Artikel 173, WIB 92
Art. 173, eerste lid, treedt in werking op 01.01.2018 en is van toepassing vanaf aanslagjaar 2019 verbonden aan een belastbaar tijdperk dat ten vroegste aanvangt op 01.01.2018 (art. 15 en 86 A, W 25.12.2017 - B.S. 29.12.2017; Numac: 2017014414)
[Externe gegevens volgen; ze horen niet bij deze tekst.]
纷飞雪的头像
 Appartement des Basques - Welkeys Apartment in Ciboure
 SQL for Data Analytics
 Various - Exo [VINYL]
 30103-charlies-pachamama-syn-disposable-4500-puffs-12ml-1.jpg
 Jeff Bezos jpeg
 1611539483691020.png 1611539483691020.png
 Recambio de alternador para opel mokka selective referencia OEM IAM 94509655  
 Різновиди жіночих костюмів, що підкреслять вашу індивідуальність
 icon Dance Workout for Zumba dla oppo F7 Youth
[Hoofdstuk 1, W 25.12.2017 (B.S. 29.12.2017; Numac: 2017014414) heeft inzonderheid de gedeeltelijke omzetting tot doel van richtlijn (EU) 2016/1164 van de Raad van 12 juli 2016 tot vaststelling van regels ter bestrijding van belastingontwijkingspraktijken welke rechtstreeks van invloed zijn op de werking van de interne markt en de omzetting van richtlijn (EU) 2017/952 van de Raad van 29 mei 2017 tot wijziging van Richtlijn (EU) 2016/1164 wat betreft hybridemismatches met derde landen (art. 2, W 25.12.2017 - B.S. 29.12.2017; Numac: 2017014414)]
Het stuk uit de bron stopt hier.